The money was “ratified in November as people were dying of Delta,” he said.

“Right now, we are still doing almost nothing. Think of it. People don’t want to hear about COVID,” he warned, but there is a danger.
“We better be prepared,” he stressed. “It doesn’t have to be in the paper every day, but we better be ready.”
Sherman said the business community is leading the charge.
“We have to make sure our economy is able to stay afloat,” Sherman said. “Let’s not take away businesses’ right to protect their employees, customers, and as important the business of New Hampshire.”

Sherman said the business community should tell legislators that the bills are unacceptable.
He said there was a chance that some efforts could modify legislation or kill it but noted that an outright killing of bills could lead to a return in another form from the other chamber.

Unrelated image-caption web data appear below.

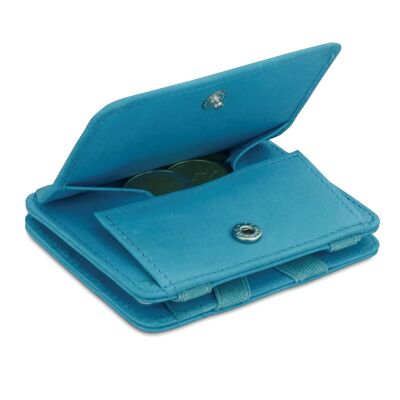 Turquoise Magic Coin Wallet RFID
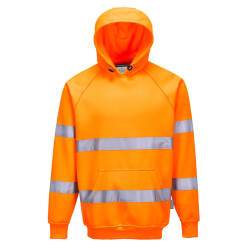 Portwest B304 Felpa con cappuccio Hi-Vis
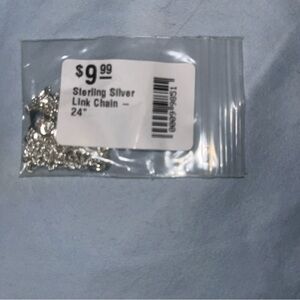 Sterling Silver Link Chain Necklace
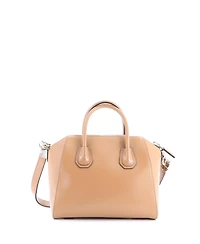 Pre-Owned Givenchy Small Antigona Bag Glazed Leather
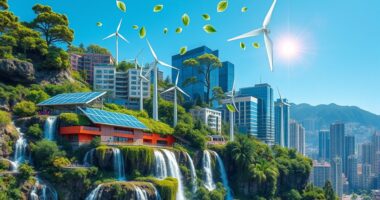 eco themed digital sustainability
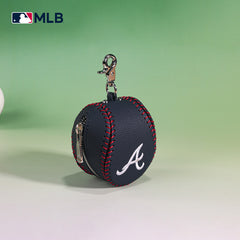 MLB Baseball Team Portable Wallet Keychain Case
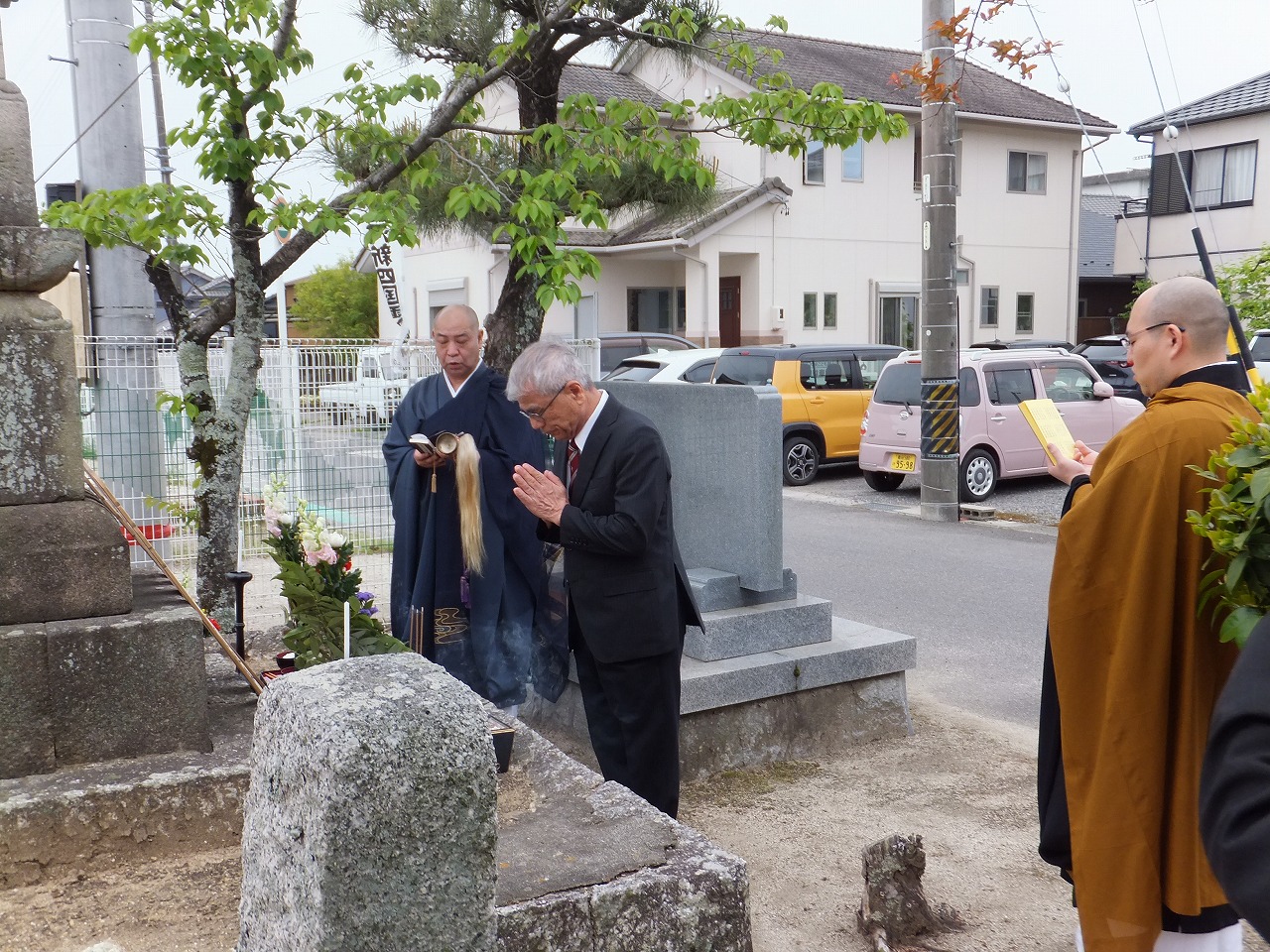 2026年4月22日 宝暦義民供養祭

Other business operators who worked in Massachusetts during the pandemic said it was easier to be able to lean on state requirements of vaccinations there rather than in New Hampshire.

One said they would like consistency between states and noted New Hampshire has fallen behind other states.

Watters, who has been a champion of renewable power and energy bills for decades, said he tends to be a pragmatic Yankee and he said he found that the pandemic brought out the character and importance of collaboration among business and community leaders.

Watters said the strength of the state is in its small and connected communities and that has helped the state move forward from the pandemic and into growth potential including renewable opportunities.

“Yes we are behind,” he said in renewable growth, but he said there has been a lot done under the radar that will lead us to a more renewable energy future.
Watters said there are infrastructure investments coming and a study on offshore wind in the Gulf of Maine, among others, has great promise for new jobs and a new economy.
But he said there is a real distrust for government, science, education, and now for non-profits among those in Concord and their supporters.
“I want to listen to these folks,” he said. “I want to know why they feel so disaffected,” he said.

“We have to be positive about these things,” Watters said. New jobs, and potential for them, are a way to get away from partisan politics and focus on something that all can agree on.


Watters said he thinks that the Republicans in power, including Sununu, are now focused on housing needs and that is a good thing.
But some business leaders attending said the problem is at the local level and the focus is on local property taxes.


Others attending the roundtable, including Jennifer Wheeler of the Exeter Area Chamber of Commerce, talked about collaborations that developed during the pandemic and working together with other businesses to be one community.

Wheeler said the Exeter community asked the governor for mask mandates statewide and found that locally things could be enacted and were enacted. But the polarization was there politically.

“We saw the political divide between businesses where masks were not mandated and those that were,” Wheeler said.
Paul Hodes, a former Democratic congressman now a consultant in renewable energy, said New Hampshire used to be a place where there was common sense and political statesmanship.

Hodes said he served on two interesting boards during the crisis, one of which was as the New England representative to the National Council on the Arts.

Hodes said overall the Arts represent 4.3 percent of the gross domestic product, larger than the transportation and construction sectors. But during COVID-19 there was a “white-out” throughout the art world and the industry had to pivot to deal with the pandemic in order to save themselves from extinction.

Good news, Hodes said, he found that charitable contributions increased and more people have wanted to patronize arts than before.
He talked about the power of business to influence policy.

Sherman concluded the roundtable by saying that there are lessons to be learned from the pandemic, but he doubts this current legislature to be the leaders needed and businesses need to engage at the state level to lead change.

“I am afraid it is going to have to come from somewhere else because right now this legislature is going to make it harder for businesses to survive if there is going to be another pandemic. I would not wait for this legislature to create that leadership,” Sherman said.